Es humano. Lo que recordamos con especial querencia y amor lo magnificamos hasta convertirlo en algo maravilloso por lo entrañable, algo que protegemos a modo de conservación y defensa propia en lo más recóndito de nuestro corazón, en el rincón de lo intimo y privativo, quizás por ello, involuntariamente podemos llegar a sobredimensionar y distorsionar la realidad, no la verdad. Manda el corazón.
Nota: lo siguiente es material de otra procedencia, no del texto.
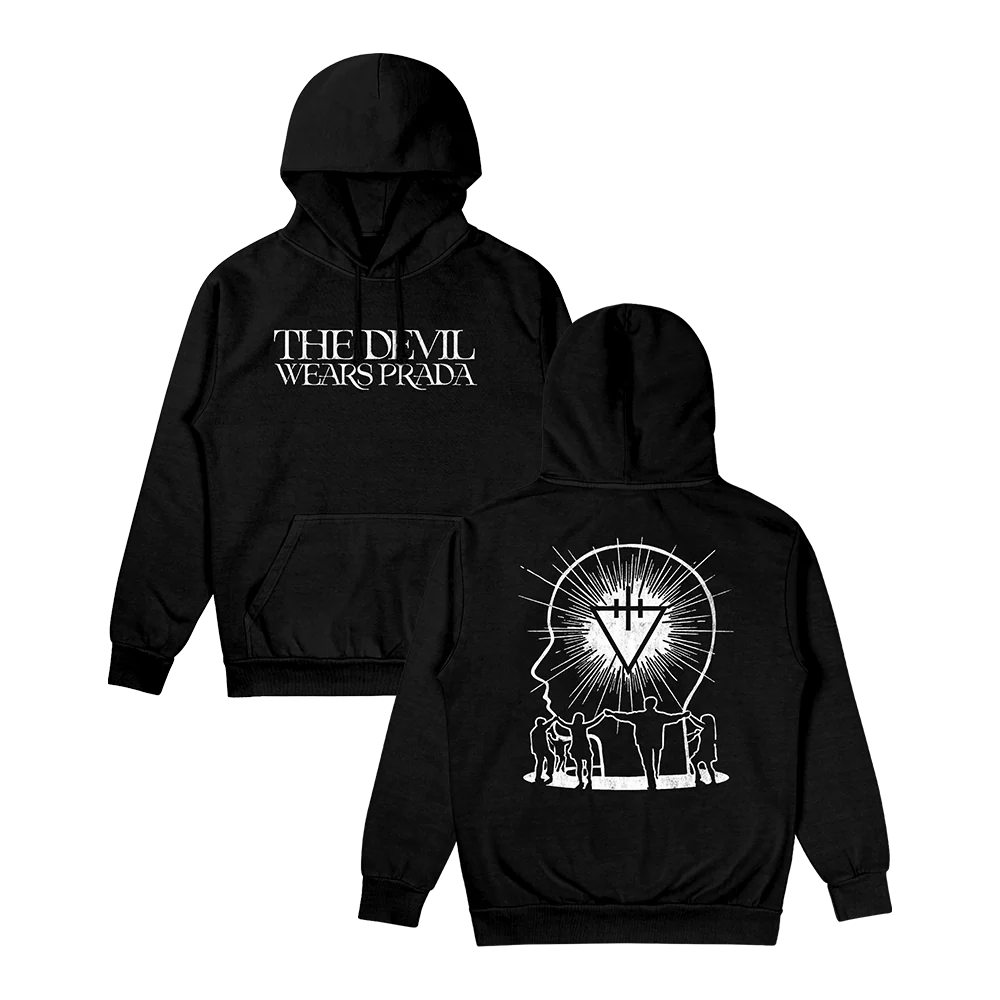 Dance Hoodie - Black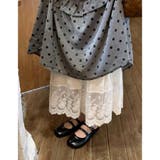 ペチパンツ 重ね着 レース パンツ レディース インナー | ミスウェディー | 詳細画像5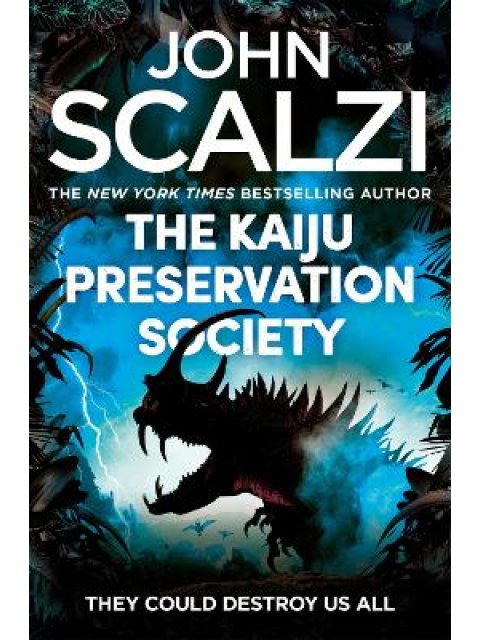 KAIJU PRESERVATION SOCIETY PB MME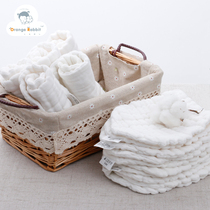 Baby Diaper cotton gauze washable diapers newborn 12 layers peanut type Diaper Baby Cotton meson cloth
Con los malos recuerdos es diferente, ahí podemos dirigir nuestra voluntad, elegir lo que hacer con ellos y de hecho llegar hasta olvidar de forma selectiva, apartando y retirando lo que nos interese de la balda almacén de los recuerdos. Es así. Manda la cabeza.
Con los recuerdos forjados por nefastas experiencias ya es otra historia, la cosa cambia y mucho. Dependiendo de la edad, esas sensaciones y vivencias tan negativas pueden llegar a marcar de por vida, a forjar una personalidad e incluso para según que asuntos canalizar una respuesta, un proceder y una postura muchas veces intransigente en según que asuntos. Ahí no puede entrar el olvido, ahí no cabe la manipulación del tiempo, ahí manda la influencia de la profundidad, del impacto emocional, del dolor de la verdad, de una realidad presente y tangible que inyecta lo peor de uno mismo en el cerebro llegando a repudiar y odiar de una forma descomunal y además voluntaria, consciente, sin atenuantes y declarada abiertamente, sin rubor ninguno.
Al final te das cuenta que la realidad es tan subjetiva que se confunde con la verdad y el presente depende del ayer para mañana solo ser recuerdos del futuro.
Nada, cosas mías.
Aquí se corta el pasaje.